Arnos Vale cemetery gets £500K to secure its future
Arnos Vale cemetery in Bristol which was saved from threat of commercial development has been awarded £500,000 to secure its future.
It opened in 1839 as a garden cemetery and is home to 25 Grade II or Grade II* listed monuments.
A £5m restoration project on the 45-acre site which included a new heritage, wildlife and education centre was completed in 2010.
The government cash will help the trust meet future day-to-day running costs.
Among the most famous of the monuments at the cemetery is that of 19th Century Indian reformer Rajah Rammohun Roy.

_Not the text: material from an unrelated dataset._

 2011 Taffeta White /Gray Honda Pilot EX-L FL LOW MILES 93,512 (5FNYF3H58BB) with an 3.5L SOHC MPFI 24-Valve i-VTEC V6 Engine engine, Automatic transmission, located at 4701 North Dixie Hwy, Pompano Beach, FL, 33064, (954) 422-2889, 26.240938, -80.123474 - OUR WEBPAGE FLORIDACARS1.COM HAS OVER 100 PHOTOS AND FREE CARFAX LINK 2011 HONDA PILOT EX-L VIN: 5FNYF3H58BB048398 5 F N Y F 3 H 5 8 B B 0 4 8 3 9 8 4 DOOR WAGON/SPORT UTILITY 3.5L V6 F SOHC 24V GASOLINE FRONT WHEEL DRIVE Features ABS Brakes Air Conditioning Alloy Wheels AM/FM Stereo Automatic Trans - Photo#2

'Asset for future generations'
He challenged traditional Hindu culture and fought for women's rights, including an end to "sati", the practice of widow-burning.

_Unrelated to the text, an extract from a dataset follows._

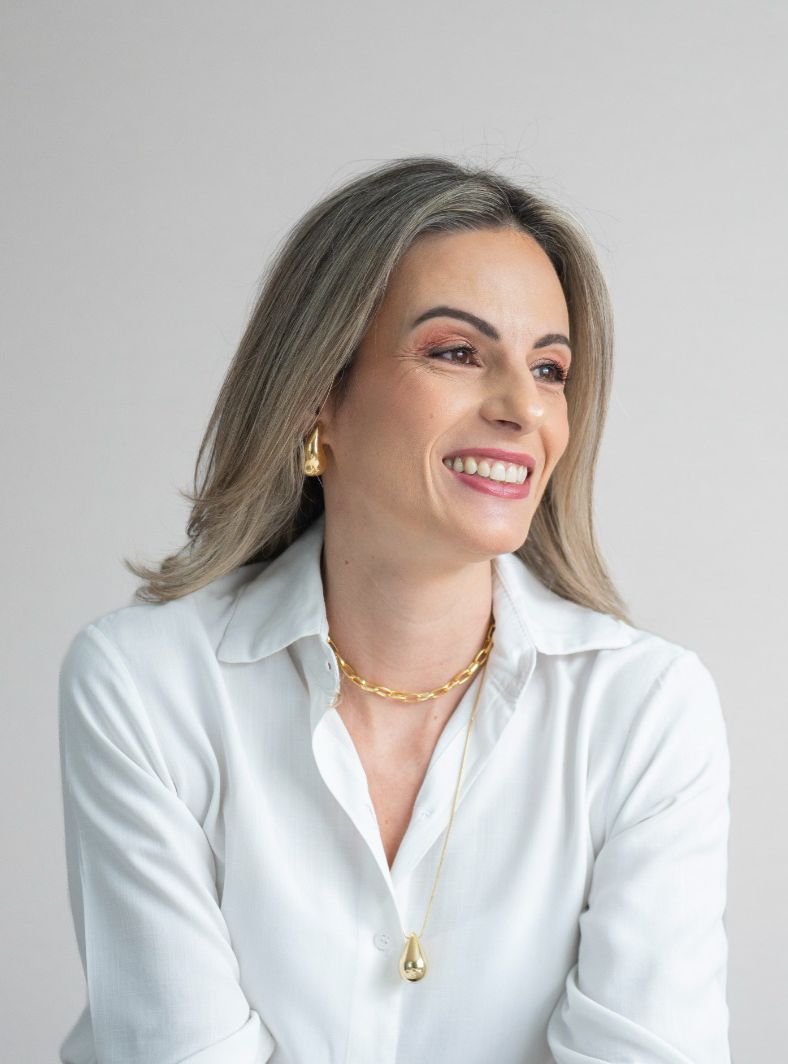 Rosanita sentada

He was visiting Bristol in 1833 as a guest of a Unitarian minister when he suddenly became ill and died.
There are more than 60,000 graves and monuments at the 45-acre cemetery.
Among them are more than 600 British and Allied soldiers, sailors and airmen from both World Wars and older conflicts, including three recipients of Britain's highest award for valour, the Victoria Cross, and veterans who survived the battles of Trafalgar and Waterloo.
"The Catalyst award will enable Arnos Vale Cemetery Trust to build a secure sustainable future for the Cemetery," said Juliette Randall, the trust's chief executive.
"Although the cemetery was saved by the restoration project, the trust is now undertaking the hard work of ensuring it has the proper financial bedrock to allow the cemetery to thrive and be an asset for future generations of Bristolians."